===== Supplied data

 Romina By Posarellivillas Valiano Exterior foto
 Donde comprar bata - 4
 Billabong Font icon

==========
===== Supplied data

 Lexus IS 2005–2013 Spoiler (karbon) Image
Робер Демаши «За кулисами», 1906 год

==========
===== Supplied data

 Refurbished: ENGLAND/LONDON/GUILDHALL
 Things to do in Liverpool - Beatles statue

==========

**What you will do:**
Taking the entries above, restate exactly those lines that fall between the line with "Romina By Posarellivillas" and the line with "Billabong Font icon", keeping both of those lines too.

**Solution to the exercise:**
 Romina By Posarellivillas Valiano Exterior foto
 Donde comprar bata - 4
 Billabong Font icon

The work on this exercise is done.